Although ALGOL 60 had no formal support for concurrency, it was nevertheless the notation of choice for algorithms about this. In an algorithm, the intricacies of controlling concurrency could be addressed directly by the programmer. The focus was often on the problem of mutual exclusion (what Strachey had called ‘locking out’): ensuring that some critical resource, such as a hardware component or a portion of memory, was not accessed by multiple concurrent routines simultaneously, since unpredictable behaviour could occur when one process depended on the value of a variable that had been changed by another.

An early algorithmic solution is owed to T. J. Dekker, working at Mathematisch Centrum in Amsterdam alongside Edsger Dijkstra, who reported the result (Dijkstra, 1962). This algorithm provided mutual exclusion for two processes, P1 and P2, preventing them accessing a critical resource simultaneously. Each process has a flag variable which it sets to true prior to entering its ‘critical section’; P2 must check P1’s flag is false before continuing. In the case of both flags being true, stalling is prevented by an additional Boolean arbitrator which alternates priority between processes.

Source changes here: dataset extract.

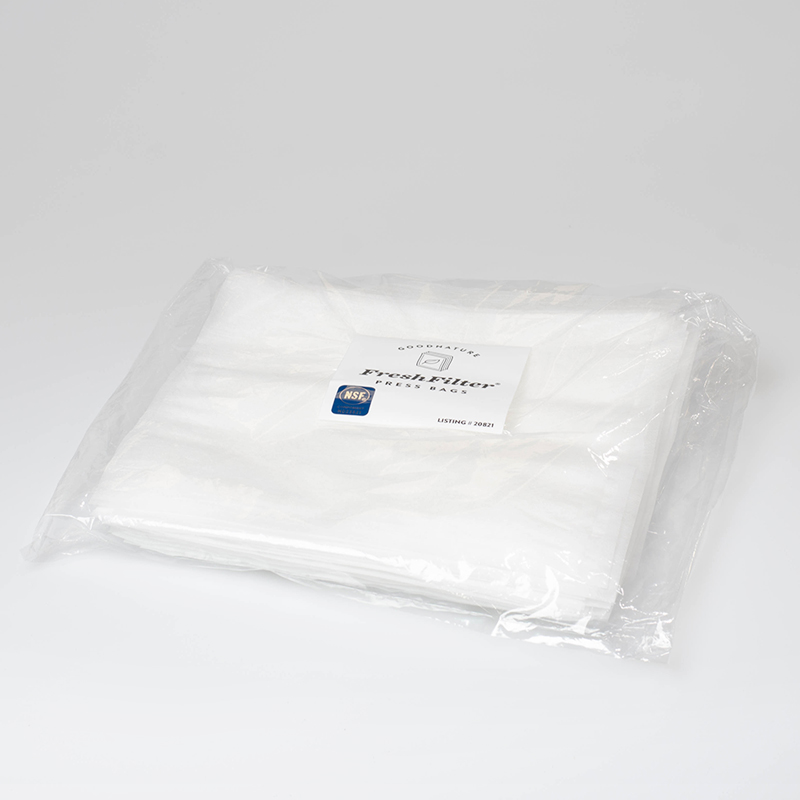 M-1 FreshFilter® Press Bags – 25 Pack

As Dijkstra (1962) notes, the algorithm works well for two processes but generalises poorly to n. Each process has to check priority against every other process, introducing new possibilities for interference, and the checking phase gets longer with every new process. A more sophisticated priority system was given by Dijkstra (1968a, Sect. 2.2), and later by the Bakery algorithm of Lamport (1974). This latter invokes the metaphor of a ticketing system at a bakery. Each process takes a ticket upon being ready for its critical section, and the ticket number increases each time, with the lowest-numbered ticket being allowed to proceed. This permits every thread to get a turn eventually and scales well to many processes, but involves a lot of time for each process to check its progression criteria, often to no avail, a phenomenon referred to as ‘busy waiting’. As explained by Dijkstra (1971), this means that a process must continually check whether it can proceed with its critical section, taking up computer resources in doing so. An alternative is to put the process to sleep, only waking it up when needed. Lamport’s metaphor of a fair and orderly system like polite patrons at a bakery comes with the cachet of simplicity through familiarity, as well as avoiding the assumption of an underlying mutual exclusion mechanism (Lamport, 2015), though the technical details are quite complex.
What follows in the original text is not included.